Stored items
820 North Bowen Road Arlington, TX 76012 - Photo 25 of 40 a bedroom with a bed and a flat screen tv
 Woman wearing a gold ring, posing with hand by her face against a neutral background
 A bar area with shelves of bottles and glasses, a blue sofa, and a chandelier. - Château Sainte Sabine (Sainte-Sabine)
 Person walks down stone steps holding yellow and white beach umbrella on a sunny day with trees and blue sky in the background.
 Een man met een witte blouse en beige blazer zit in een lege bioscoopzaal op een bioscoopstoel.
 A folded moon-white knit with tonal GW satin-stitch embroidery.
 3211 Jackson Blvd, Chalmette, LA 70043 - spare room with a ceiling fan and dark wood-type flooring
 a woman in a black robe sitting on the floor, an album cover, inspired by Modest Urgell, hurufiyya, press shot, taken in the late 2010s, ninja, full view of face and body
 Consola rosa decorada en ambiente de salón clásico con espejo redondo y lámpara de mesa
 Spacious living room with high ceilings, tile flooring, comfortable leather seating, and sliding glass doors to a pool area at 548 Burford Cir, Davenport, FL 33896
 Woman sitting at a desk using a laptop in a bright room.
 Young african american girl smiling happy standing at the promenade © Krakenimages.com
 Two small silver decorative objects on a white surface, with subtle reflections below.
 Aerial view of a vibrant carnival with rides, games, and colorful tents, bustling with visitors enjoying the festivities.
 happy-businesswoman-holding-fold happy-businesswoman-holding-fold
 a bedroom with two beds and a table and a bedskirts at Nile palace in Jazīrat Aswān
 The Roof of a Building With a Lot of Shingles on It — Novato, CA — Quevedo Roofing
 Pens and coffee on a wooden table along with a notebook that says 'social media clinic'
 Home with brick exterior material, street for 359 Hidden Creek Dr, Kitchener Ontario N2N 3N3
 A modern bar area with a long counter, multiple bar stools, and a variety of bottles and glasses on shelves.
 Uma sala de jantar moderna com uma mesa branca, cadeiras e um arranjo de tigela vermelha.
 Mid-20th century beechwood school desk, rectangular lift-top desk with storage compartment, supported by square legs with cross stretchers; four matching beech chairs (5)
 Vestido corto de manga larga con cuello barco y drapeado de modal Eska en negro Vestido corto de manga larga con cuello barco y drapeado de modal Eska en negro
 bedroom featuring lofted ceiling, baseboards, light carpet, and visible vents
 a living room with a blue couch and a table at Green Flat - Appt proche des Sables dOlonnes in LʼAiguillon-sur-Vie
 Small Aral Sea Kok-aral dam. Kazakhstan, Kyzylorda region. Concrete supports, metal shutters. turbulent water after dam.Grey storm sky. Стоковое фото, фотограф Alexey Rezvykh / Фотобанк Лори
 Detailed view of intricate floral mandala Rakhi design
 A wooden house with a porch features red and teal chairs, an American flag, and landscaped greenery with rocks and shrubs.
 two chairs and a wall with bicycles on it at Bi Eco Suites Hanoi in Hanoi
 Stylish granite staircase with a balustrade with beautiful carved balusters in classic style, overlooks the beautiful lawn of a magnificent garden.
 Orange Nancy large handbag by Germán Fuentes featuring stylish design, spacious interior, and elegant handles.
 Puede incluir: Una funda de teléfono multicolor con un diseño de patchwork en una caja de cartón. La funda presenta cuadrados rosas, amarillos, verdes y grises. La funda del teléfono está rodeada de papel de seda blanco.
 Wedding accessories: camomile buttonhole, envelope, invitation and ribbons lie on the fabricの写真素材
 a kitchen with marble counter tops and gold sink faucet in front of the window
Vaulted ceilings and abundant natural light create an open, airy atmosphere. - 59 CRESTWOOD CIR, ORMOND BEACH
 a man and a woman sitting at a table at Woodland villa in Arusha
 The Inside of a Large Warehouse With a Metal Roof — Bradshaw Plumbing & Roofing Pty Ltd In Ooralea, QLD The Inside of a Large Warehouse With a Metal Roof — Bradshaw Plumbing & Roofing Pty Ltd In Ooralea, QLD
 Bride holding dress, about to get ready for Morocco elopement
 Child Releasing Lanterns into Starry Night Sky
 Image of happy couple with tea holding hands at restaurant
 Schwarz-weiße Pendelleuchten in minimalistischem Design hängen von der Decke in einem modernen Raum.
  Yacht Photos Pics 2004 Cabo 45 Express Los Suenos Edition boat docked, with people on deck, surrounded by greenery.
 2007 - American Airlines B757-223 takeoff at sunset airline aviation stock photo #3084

YOUR INSTRUCTIONS: Looking at the entries above, copy out every line in which "wooden" occurs.

THE COMPLETED TASK:
 Pens and coffee on a wooden table along with a notebook that says 'social media clinic'
 A wooden house with a porch features red and teal chairs, an American flag, and landscaped greenery with rocks and shrubs.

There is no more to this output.